Why Michael Malarkey Says New Show 'Project Blue Book' Was 'Written in the Stars' (Exclusive)
When it came to landing Project Blue Book, fate seemed to stepped in for Michael Malarkey.
The Vampire Diaries alum stars alongside Game of Thrones' Aidan Gillen in History's newest drama, which centers on the Air Force's real-life Project Blue Book investigation into unexplainable phenomena from 1952 to 1969. Gillen plays famed astrophysicist Dr. J. Allen Hynek in the series created by David O'Leary, while Malarkey takes on the role of Hynek's partner, Captain Michael Quinn.
Quinn isn't a real person, but he's inspired by one -- Air Force officer Edward J. Ruppelt -- and the rest of Project Blue Book is pretty much as based on reality as one can get in a primetime drama. What drew Malarkey to the show what that focus on fact over fiction -- and Project Blue Book's ties to his past.

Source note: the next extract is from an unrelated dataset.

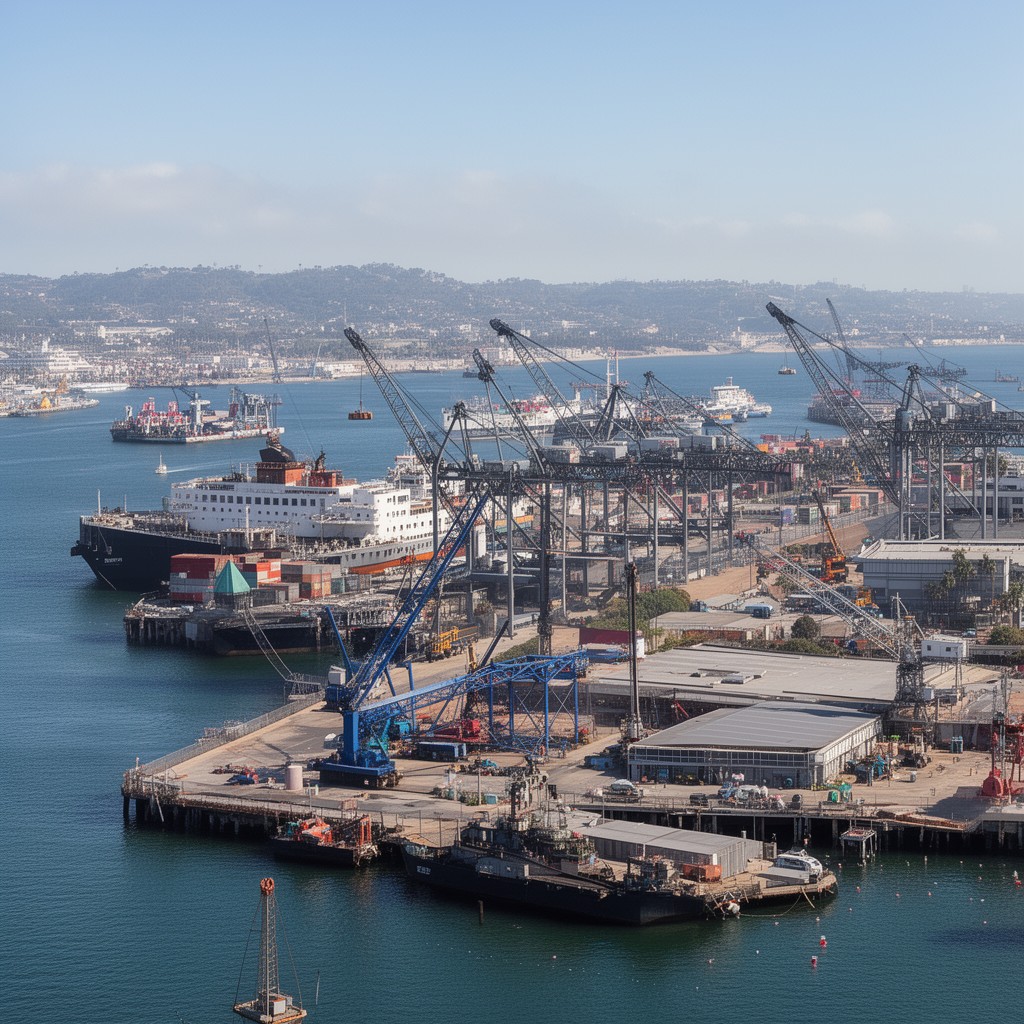 AI-generated illustration of Port of San Diego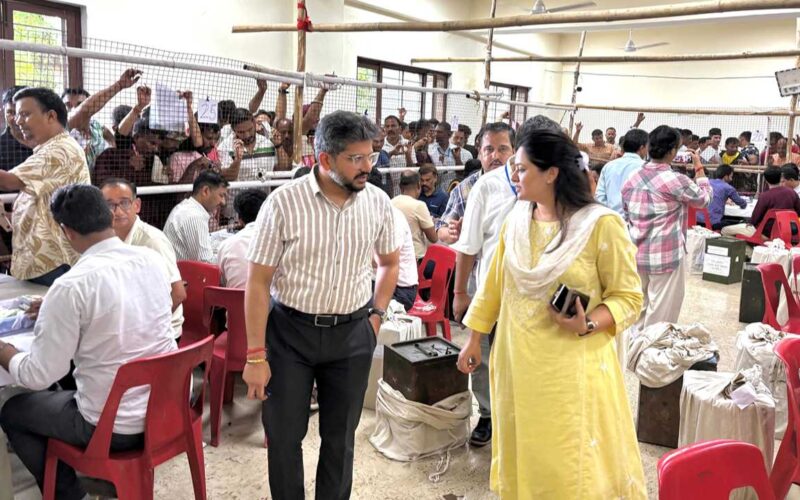 उप जिला निर्वाचन अधिकारी ने डोईवाला ब्लाक में मतगणना का लिया जायजा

"I grew up 20 minutes away from the Project Blue Book Headquarters at Wright-Patterson Air Force Base in Ohio, so it felt like a full circle of sorts," he tells ET. "It was like it was written in the stars."
Malarkey, born to an Irish American father and British mother, later returned to England, where he studied at the London Academy of Music and Dramatic Art, and lived in the same area as Gillen -- though, the Project Blue Book co-stars didn't know it at the time. "There's so many coincidences around this show; you'd think it was about aliens or something," he jokes, noting that they've also worked with one of the History show's directors, Alex Graves, separately in the past. It was music, however, not TV, that really bonded Malarkey and Gillen; that, and perhaps their desire to buck the status quo with their new roles.
Gillen, fresh off of Game of Thrones, told ET during a March visit to Project Blue Book's set that he was looking forward to creating a bit of separation between himself and his GOT character, Littlefinger. "It'd be nice to be known, hopefully, for not as a scheming evildoer," he shared. For Malarkey, who had just spent four seasons as vampire Enzo on The Vampire Diaries, it was just important not to get "pigeonholed."
"I am always trying to do a 180 from the last thing I did," he explains. "Obviously, there is a supernatural element [to Project Blue Book] by definition, and we take certain artistic liberties, but it’s a whole different kettle of fish [than The Vampire Diaries]. I suppose it called more on my training in theater than anything I’ve done on TV or film."
"For me, the biggest challenges are often also the most fun aspects of the work. I like to be challenged and to push myself harder than I did on the last job," he continues. Malarkey was challenged in spades while stepping into Quinn's shoes.
The 35-year-old actor immersed himself on research at the Wright Patterson Air Force Base to understand what it was like to get into the skin of an Air Force Man. "I'd go do my shopping as Quinn, do the laundry as Quinn," he recalls. He also did things more adrenaline-filled -- and higher off the ground. "I felt like it was important for me to do flying lessons... I honestly haven't been that terrified in a long time, but wanted to feel what it was like to remain composed under extreme circumstances, because that is one of the integral parts of Quinn's character."
"At the end of the day, you have to soak up all the facts, but it’s more about getting the soul right," he concedes, no matter how much he loves research. "You have to meet the character in the middle."
As for whether Quinn and Hynek meet in the middle on Project Blue Book, that's another story. "We start off very skeptical of one another," Malarkey teases, praising Gillen's "intelligent, warm and actually quite kooky" portrayal of Hynek. "Aiden's a master of bringing a real complexity to his roles, but keeping it brilliantly subtle. He's like a duck on water, so focused and composed, but working his a** off all the time. His interpretation of Hynek is truly brilliant."
Malarkey is equally impressed by how Project Blue Book -- which also stars Laura Mennell, Ksenia Solo, Michael Harney and Neal McDonough -- turned out.
"The great thing about this show, is that the tables are constantly turning. It's a historical thriller noir," he says, calling the series a "career highlight for me," and insisting regardless of viewer's belief -- or non-belief -- in aliens, it's worth tuning into. "Aesthetically speaking, the spec of the show is pure class. It's a proper big-scale show -- one that I think everyone will be able to connect to in some way or another. And it's highly addictive."
Project Blue Book premieres Tuesday, Jan. 8 at 10 p.m. ET/PT on History.